Experienced and well-trained investigators can help mitigate some of these problems, but even the best investigator must be equipped with the correct data and tools. A significant development is the advent of ‘intelligent automation’, which combines artificial intelligence and robotic process automation to put investigators at the centre of seamless and carefully curated intelligence environments.

These environments make the collation, analysis, and assessment of material as frictionless as possible by:

• Producing an all-around view – rather than following numerous lines of intelligence on various platforms, investigators can work through a primary platform that brings together the right kind of graded intelligence – internal and external – in a single space in the shortest time possible.

• Refining the intelligence deluge – instead of chasing down untold disparate sources from scratch, graded and improved intelligence allows an investigator to start with a solid set of foundation stones.

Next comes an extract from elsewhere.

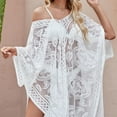 thumbnail image 6 of JGGSPWM Elegant Lace Beach Cover Up for Women, Bathing Suit Cover Up, V-Neck Swimsuit Coverup, Pool Swimwear Crochet Dress White Free Size, 6 of 8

• Developing a structured approach – investigations can rapidly become unstructured as they move across different evidential sources. Having a structured dashboard will facilitate a more systematic approach.

• In this modern age of technology, digital evidence is an integral part of an entire intelligence and investigation process. It helps investigators capture critical intelligence and evidence from computer systems and networks. Digital intelligence and evidence are growing exponentially and must be managed appropriately throughout an investigation.

The decisions made by financial investigators within FIs are incredibly significant and can influence management decisions or the future of a customer relationship. If genuinely suspicious activity is missed due to poor investigative practices, poorly equipped analytical platforms, or inefficient use of intelligence, a crime that might otherwise have been detected and disrupted will be allowed to proceed. Having the best investigative tools to hand enables organisations to make these kinds of risk-based decisions confidently. At the same time, similar failings could lead to an innocent person being treated as a subject of concern, raising issues of fairness and having implications for financial inclusion. Whether the investigator gets it right or wrong will significantly affect how well an FI tackles financial crime, keeps its reputation intact, reduces monetary loss, and protects its customers.


Way Forward

Investigator-led approaches have better success against high-profile risks using improved and integrated intelligence settings within the intelligent automation process. Their deployment within the financial services sector for cybercrimes is already beginning to show fruit, primarily when allied with closer cooperation across private and public sectors in sharing risk information. As financial cybercrime practitioners focus increasingly on delivering results, it seems evident that empowering the investigator with the right tools to automate, collate, and grade intelligence will significantly aid the quality and efficiency of investigations.